I'm not quite convinced by this argument. Exported snapshot contents
are ephemeral, we can change the format at any time. The wait is fairly
annoying for every user of logical decoding. For me the combination of
those two fact implies that we should rather fix this properly.

+1. The change Andres is proposing doesn't sound like it will be
terribly high-impact, and I think we'll be happier in the long run if
we install real fixes instead of kludging it.

All right, here is my rough attempt on doing what Andres has suggested,
going straight from xid to vxid, seems to work fine in my tests and
parallel pg_dump seems happy with it as well.

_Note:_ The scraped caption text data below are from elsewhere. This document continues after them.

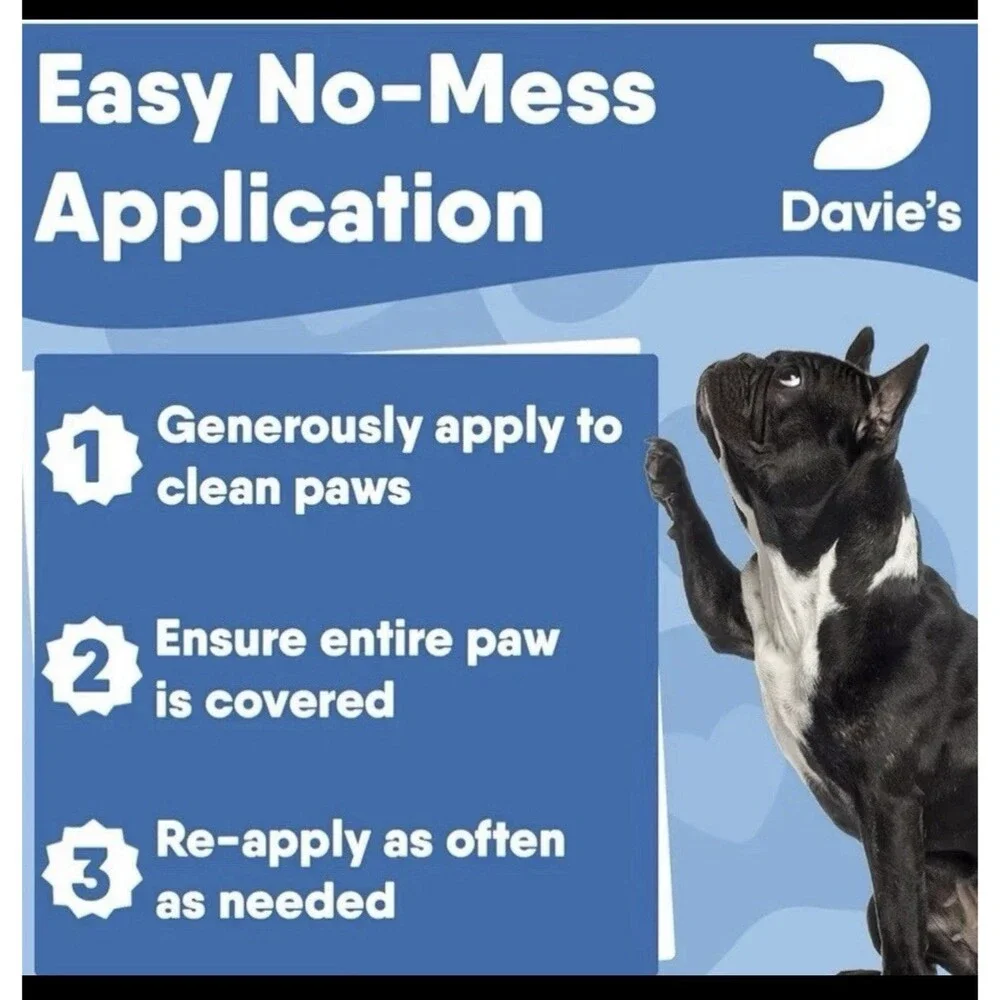 2x Davies Paw Protect Dog Nose & Paw Balm All-Season Lick Safe Protect & Hydrate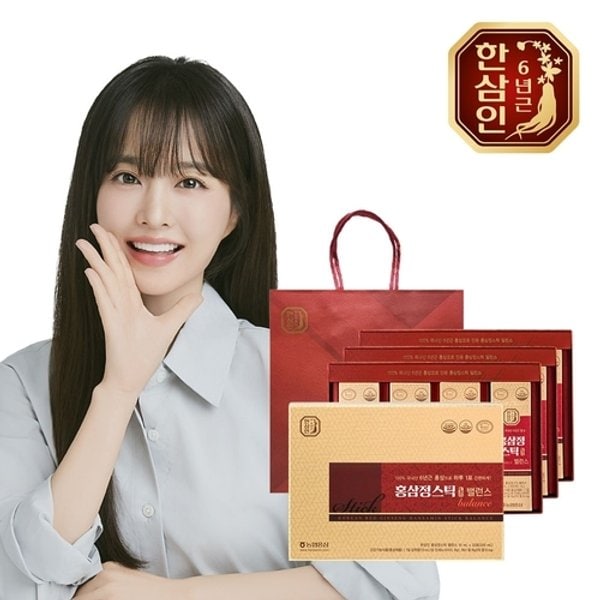 [농협홍삼] 한삼인 홍삼정 스틱밸런스 10ml 32포 3세트+쇼핑백
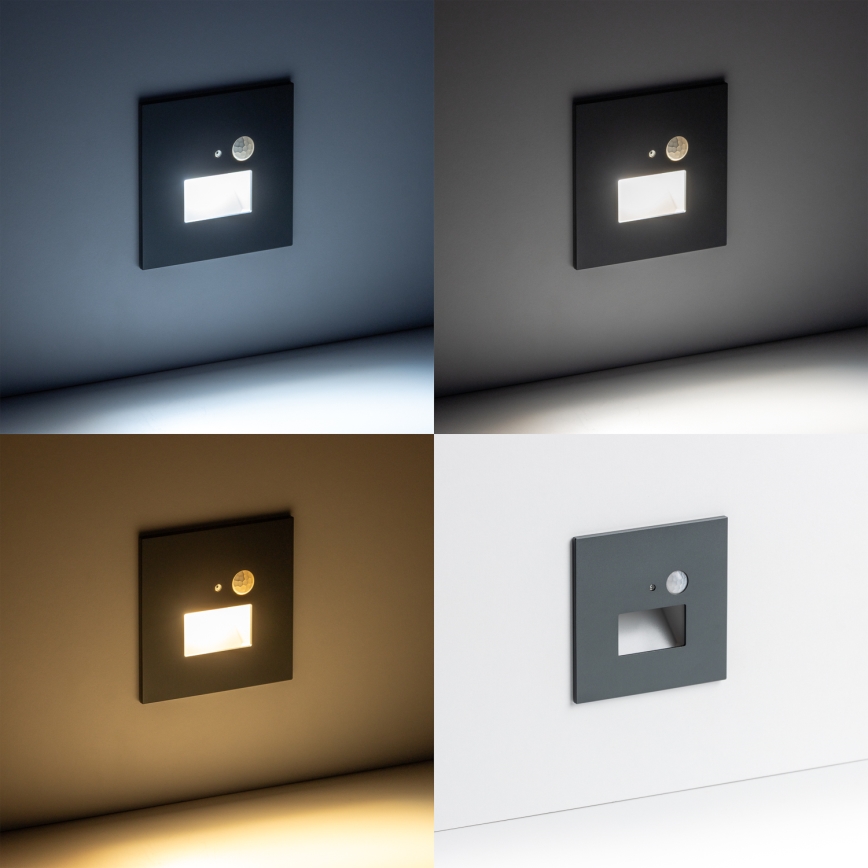 LED Osvetljenje stepeništa sa senzorom pokreta LED/1,5W/230V 3000K/4000K/6500K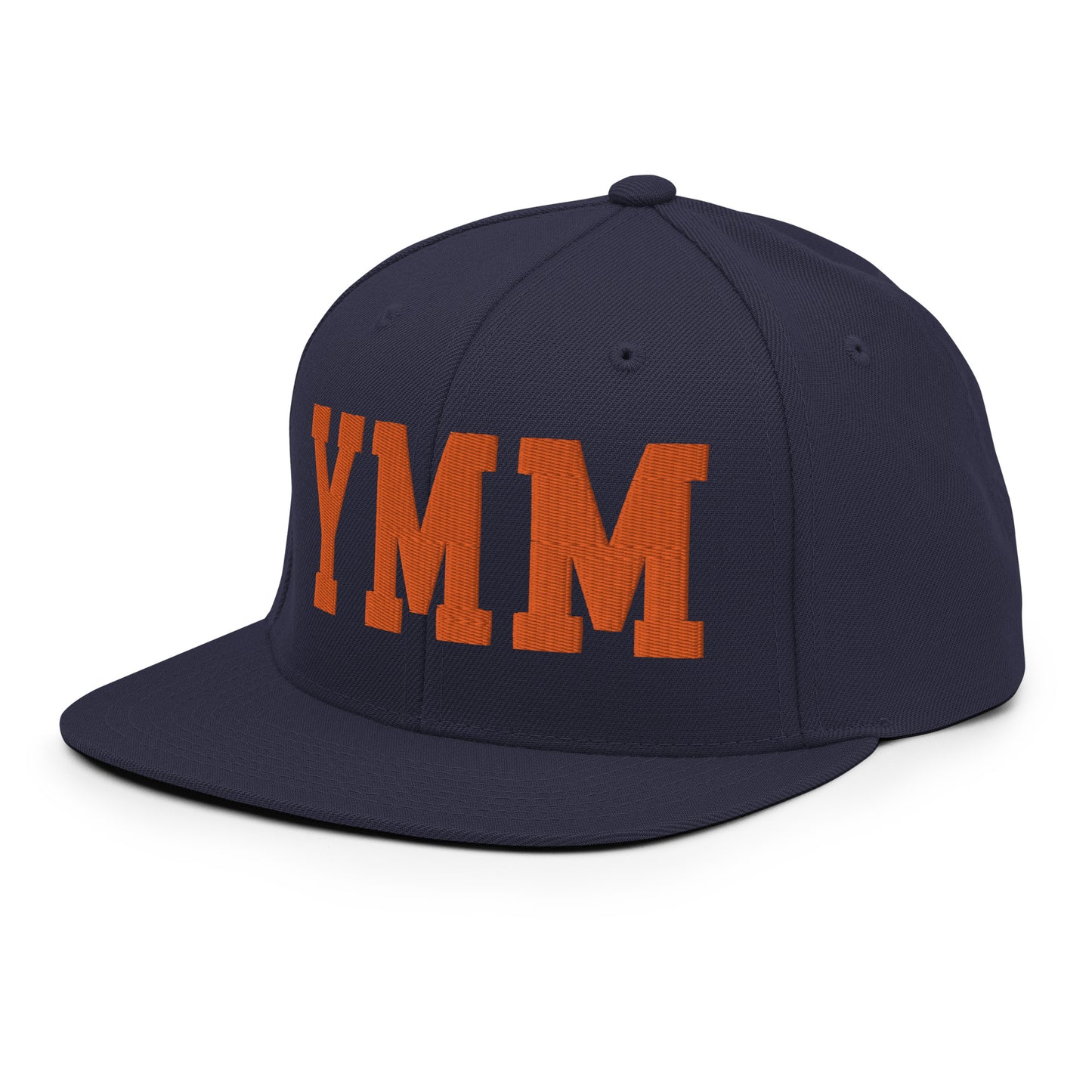 College-Style Classic Snapback Hat • Orange • YMM Fort McMurray • YHM Designs - Image 21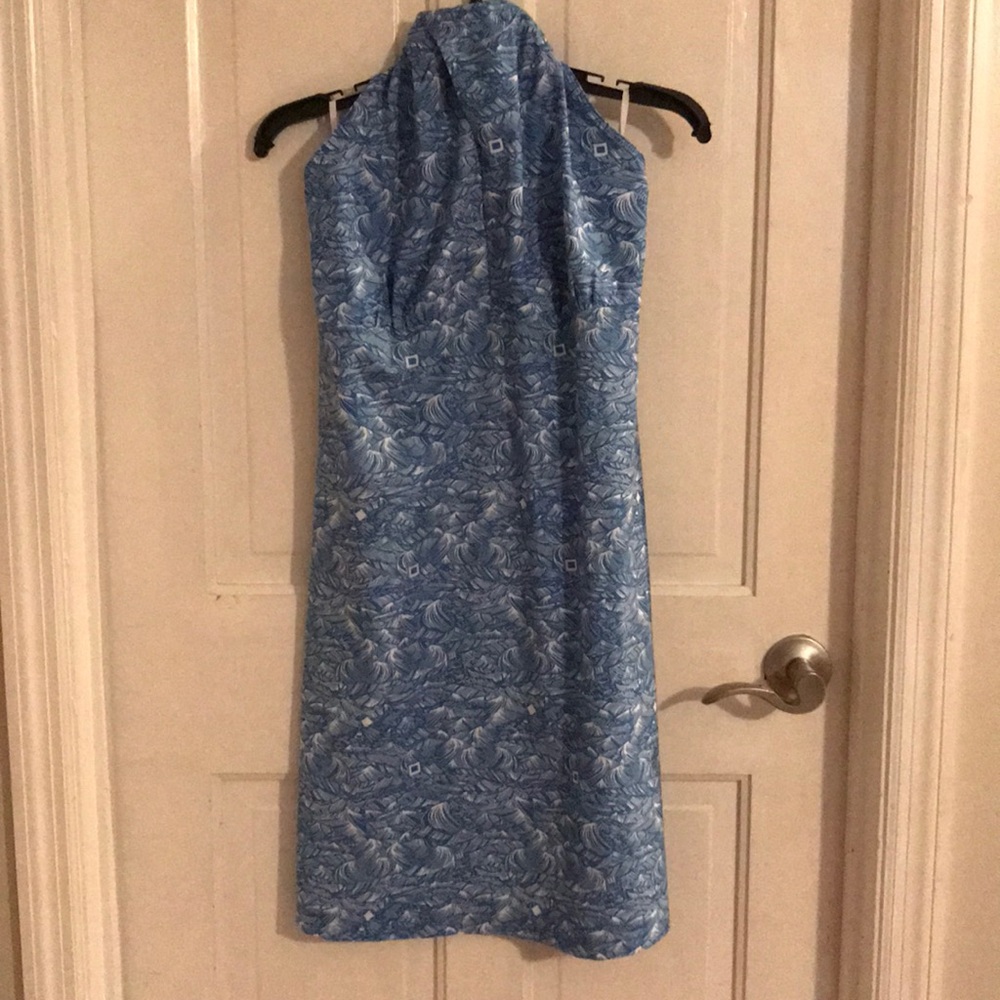 Womens Columbia Armadale II Waves Halter Top Dress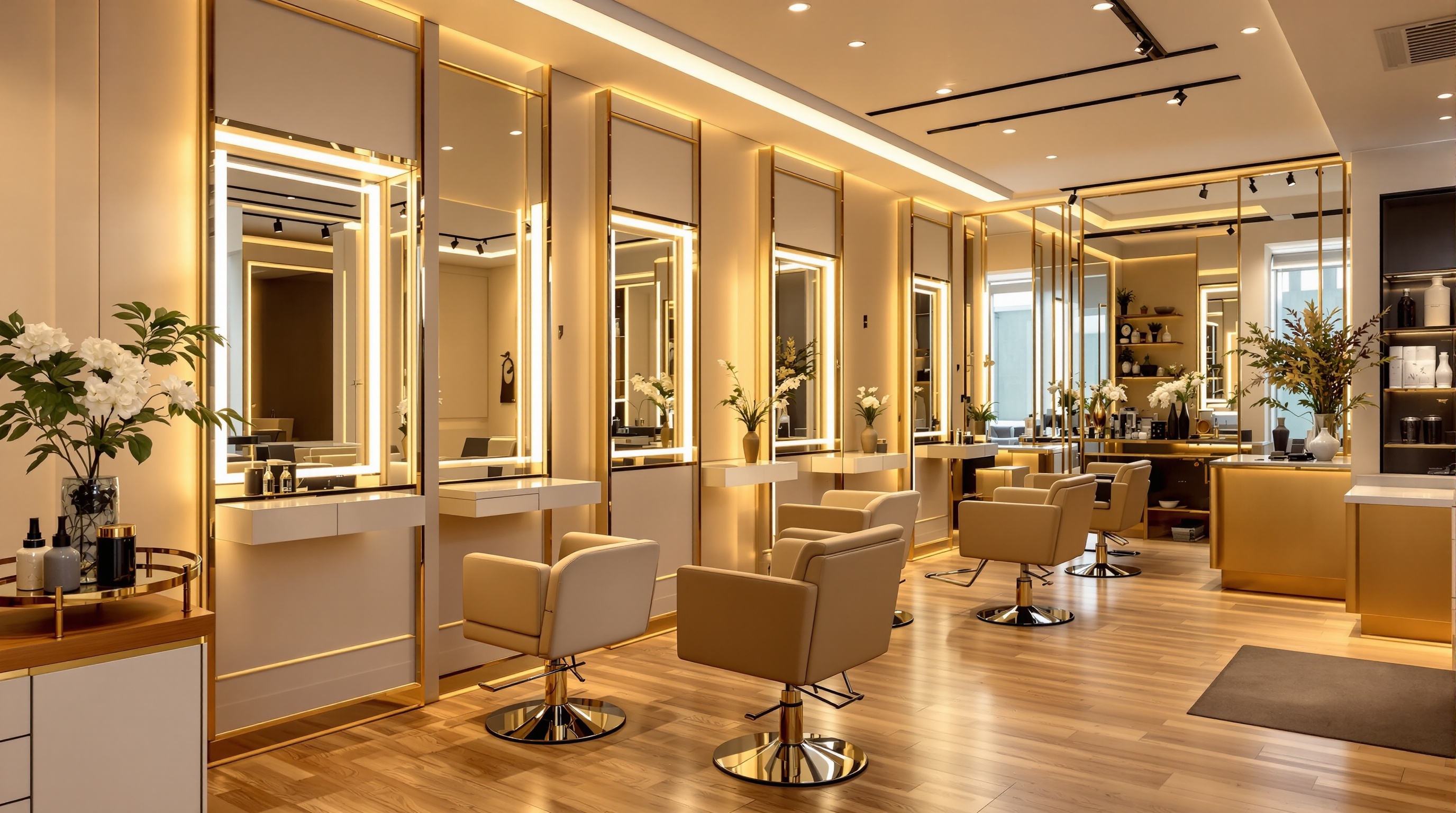 Elegantes Salon-Interior von Salon Elegance in Bielefeld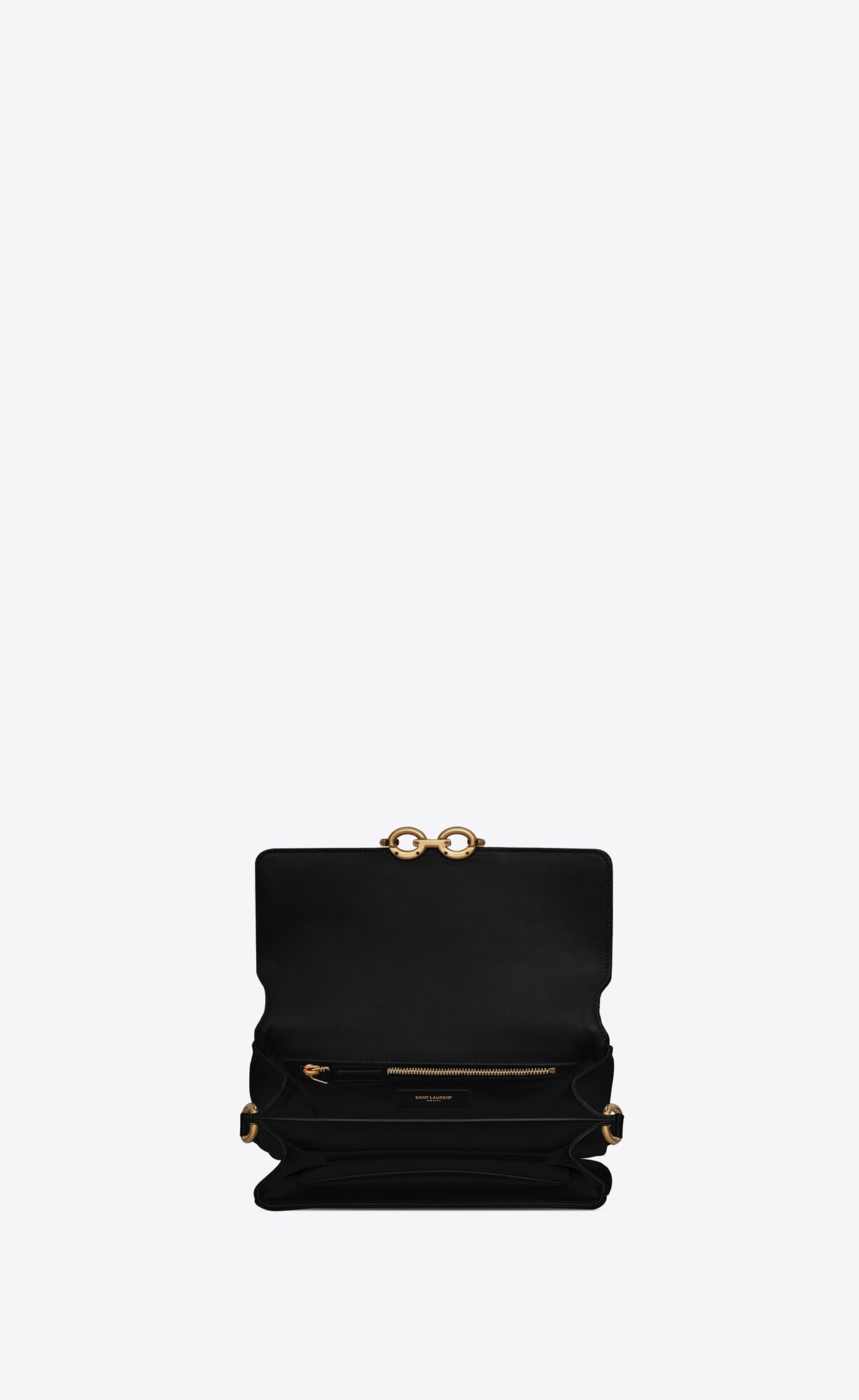 YSL Le Maillon Satchel In Smooth Leather Black | NFZYO9432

The second patch removes the xid parameter from SnapBuildBuildSnapshot
as it's not used for anything and skips the GetTopTransactionId() call
as well. That should solve the original problem reported here.

--
Petr Jelinek http://www.2ndQuadrant.com/
PostgreSQL Development, 24x7 Support, Training & Services

Attachments:

0002-Don-t-assign-xid-to-logical-decoding-snapshots.patchinvalid/octet-stream; name=0002-Don-t-assign-xid-to-logical-decoding-snapshots.patchDownload
From aee3b4be0faf4ccedb9a8ff6991428547ad1ad38 Mon Sep 17 00:00:00 2001
From: Petr Jelinek <pjmodos@pjmodos.net>
Date: Sat, 3 Jun 2017 02:07:49 +0200
Subject: [PATCH 2/2] Don't assign xid to logical decoding snapshots

---
 src/backend/replication/logical/snapbuild.c | 14 +++++++-------
 1 file changed, 7 insertions(+), 7 deletions(-)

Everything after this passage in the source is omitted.